## Directions
Please retype the entries that follow exactly as they are, leaving the images behind.

## Dataset entries
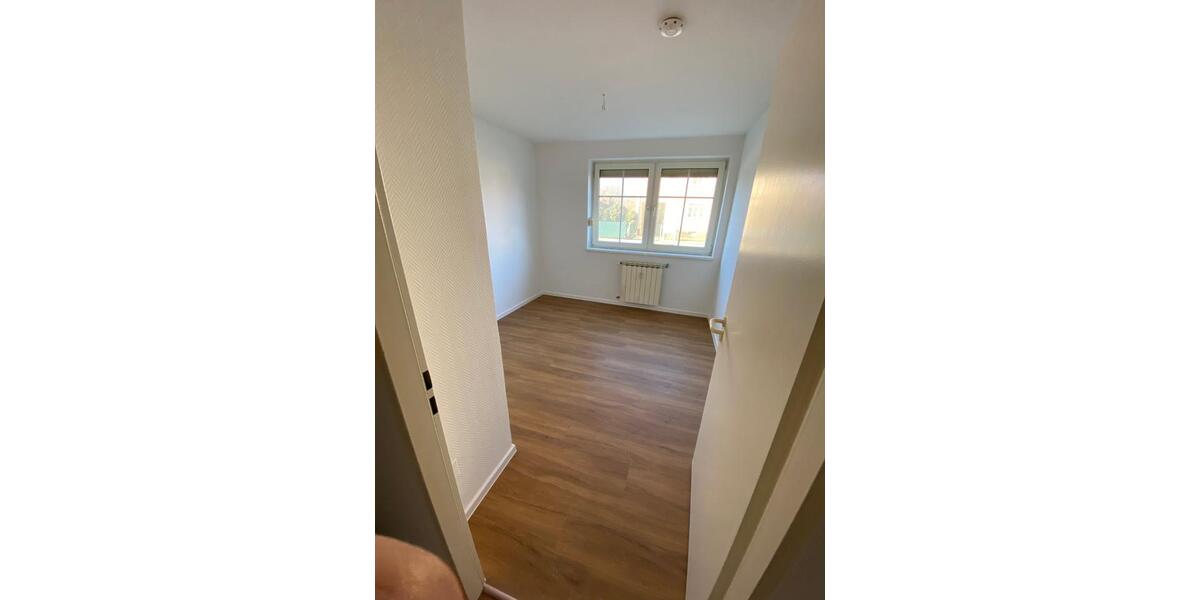 Erdgeschoßwohnung Forst (Lausitz) - 2 Zimmer, 48 m&sup2;, 295&euro; | Angebot:25305007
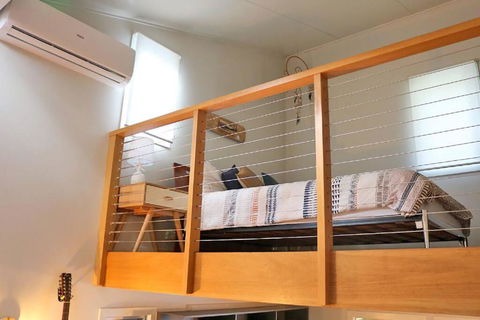 Sand Dweller Holiday Villa Point Lookout - Goulburn Accommodation 3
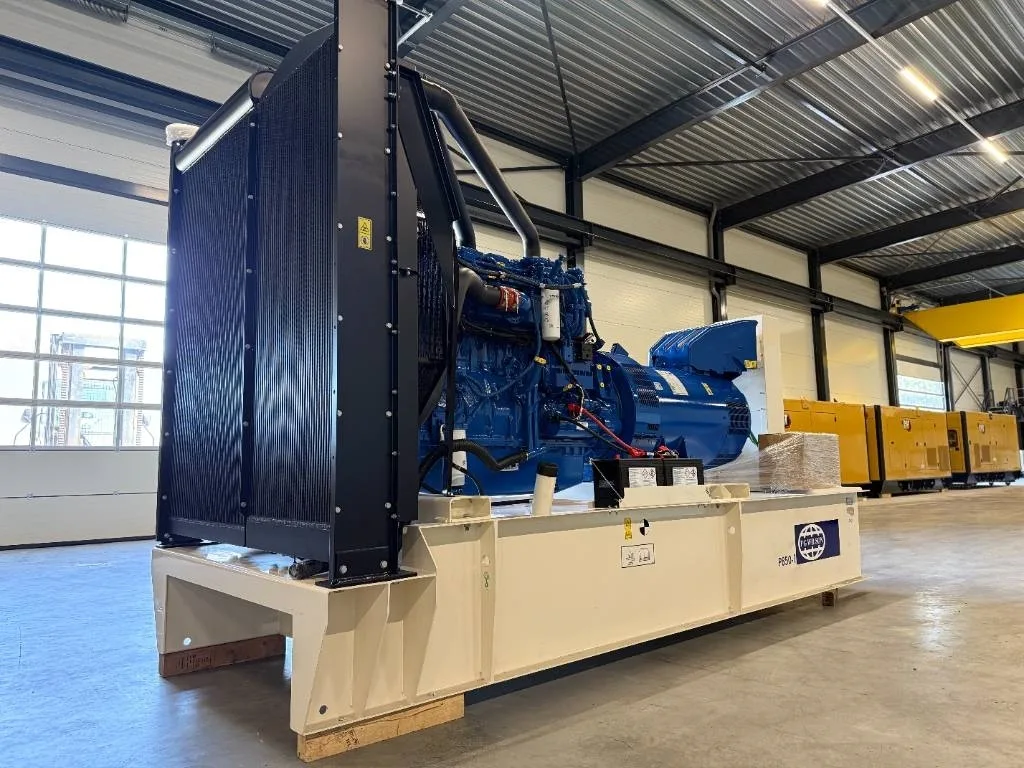 Groupe électrogène diesel FG Wilson 850 kVA triphasé – P850-1 — vue 4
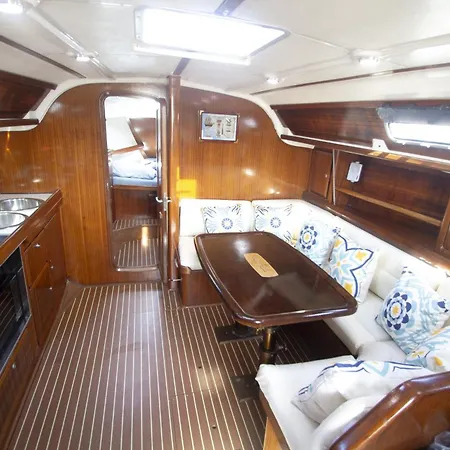 Hotel na wodzie On A Sailing Boat In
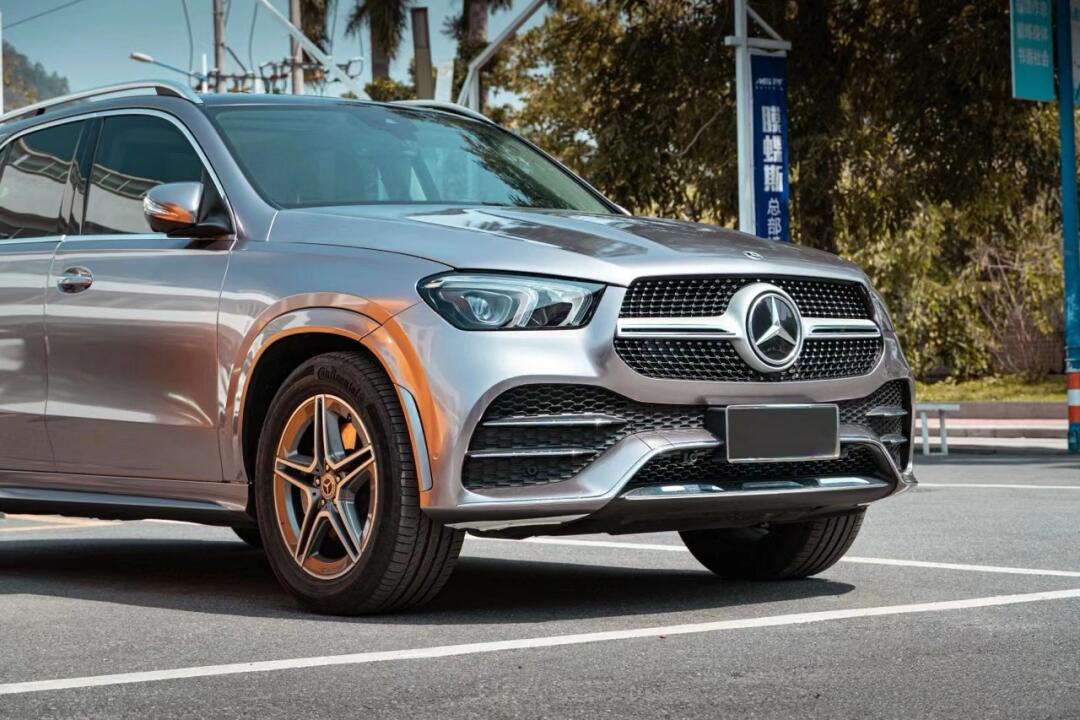 Metallic Battle Grey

## Solution to the problem
 Erdgeschoßwohnung Forst (Lausitz) - 2 Zimmer, 48 m&sup2;, 295&euro; | Angebot:25305007
 Sand Dweller Holiday Villa Point Lookout - Goulburn Accommodation 3
 Groupe électrogène diesel FG Wilson 850 kVA triphasé – P850-1 — vue 4
 Hotel na wodzie On A Sailing Boat In
 Metallic Battle Grey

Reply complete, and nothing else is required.